The Taxpayer Defense Center continues its fight against Oregon’s attempt to force Steven and Sarah Speer to pay taxes to both Wisconsin and Oregon for the same income. Our latest brief responds to and refutes the Oregon Department of Revenue’s attempt to double tax the income.

The Speers invested in a Wisconsin brewery. The brewery only operates in Wisconsin and pays taxes to Wisconsin on behalf of its owners. Wisconsin also has a series of tax credits aimed at supporting in-state industry. The brewery does not have any activity in Oregon. But, when the Speers moved part time to Oregon, the Beaver State state decided it also wants to tax the brewery’s income, while refusing to recognize a Wisconsin credit the brewery receives for investing in Wisconsin. In effect, Wisconsin grants a credit to the Speers that Oregon then confiscates.

At issue is ORS § 316.082(1), which issues a tax credit to Oregon residents “for the amount of any income tax imposed on the individual, or on an Oregon S corporation . . . for the tax year by another state on income derived from sources therein and that is also subject to tax under this chapter.” The correct interpretation of ORS § 316.082(1) is that a credit is provided for the taxes “imposed” by other states. That’s what the plain text of the law says. But Oregon’s Department of Revenue disagrees, saying credit is only available to what the Speers actually paid. Because Wisconsin gives a substantial tax credit, Oregon wishes to ignore that amount and only credit what came out of the Speer’s bank account. This creates a windfall for Oregon, which gets taxes that should not be due under ORS § 316.082(1).

NTUF’s Taxpayer Defense Center stepped in to fight this battle. In May 2025, a magistrate in the Oregon Tax Court ruled against NTUF, holding that Oregon was correct to deny the Speers credit for taxes paid in Wisconsin. NTUF appealed the ruling to a judge in the Oregon Tax Court in July 2025. NTUF filed a motion for summary judgment in December 2025, and the state responded in February 2026. We filed our response in April 2026.

As discussed in our latest brief, the Department’s interpretation of ORS § 316.082(1) as offering a credit only for taxes “paid” instead of “imposed” ignores the statute’s plain language, context, and legislative history. We walk through dictionary definitions, both the specialized Black’s Law Dictionary (used by legislators, lawyers, and judges across the county), and Webster’s Dictionary (both at the time of the passage of ORS § 316.082(1) and today), to show that “imposed” does not mean “paid directly from a taxpayers bank account.” This plain meaning, and how tax credits are really just having the government partially pay a tax, have already been recognized by the Oregon Supreme Court in Con-Way Inc. & Affiliates v. Department of Revenue. Con-Way held that (1) a tax credit functions as a form of payment to satisfy a tax liability, not as a retroactive reduction of the tax imposed; and (2) the legislature must be explicit when it intends to deny the use of a credit. Extensive research into the legislative history of ORS § 316.082 also supports this direct reading of the statute.

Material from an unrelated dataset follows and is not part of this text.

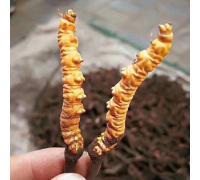 Đông Trùng Hạ Thảo Thiên Nhiên Tây Tạng Loại Tươi 0.8g/Con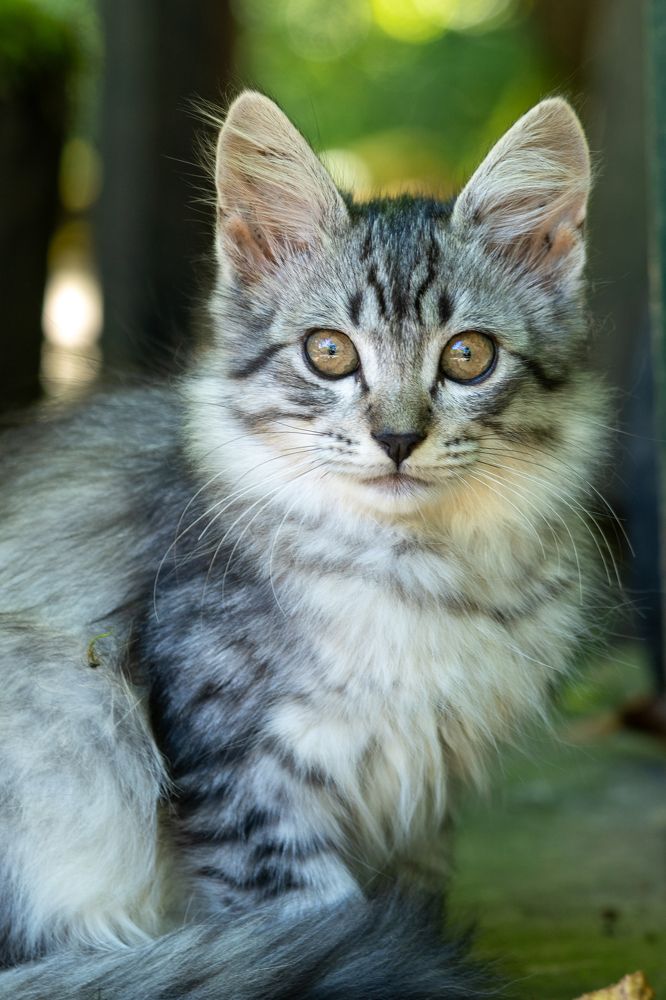 Photograph by Наталия Курищева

Unlike the typical tax credit that is a gift of a legislature to promote public policy objectives, this tax credit of ORS § 316.082(1) operates to avoid the very real possibility of double taxing the income of a business via a resident—all for activity wholly outside the borders of Oregon. Thus, the tax credit is a constitutional bulwark to comply with important United States Supreme Court mandates under the Due Process and Dormant Commerce Clauses. There has to be some connection between the activity taxed and the state issuing the levy. Since the income generated in this case is from an out-of-state brewery and the only connection to Oregon is the brewery’s minority shareholders in the S-Corporation, Oregon’s tax interest is too tenuous to pass constitutional muster. Everyone, therefore, should want ORS § 316.082(1) to work and be effective.

This case is vital because Oregon’s argument sets a dangerous precedent for allowing extra taxes if a resident invests out-of-state. By taxing the same income already taxed by Wisconsin and then directing that Wisconsin credits be disallowed in calculating Oregon’s tax, Oregon is effectively placing a tariff on the Speers’ out-of-state business activity.

NTUF’s Taxpayer Defense Center will continue to protect small business owners from arbitrary and excessive taxation. The case is Speer v. Department of Revenue, TC No. 5482. Stay tuned for further developments.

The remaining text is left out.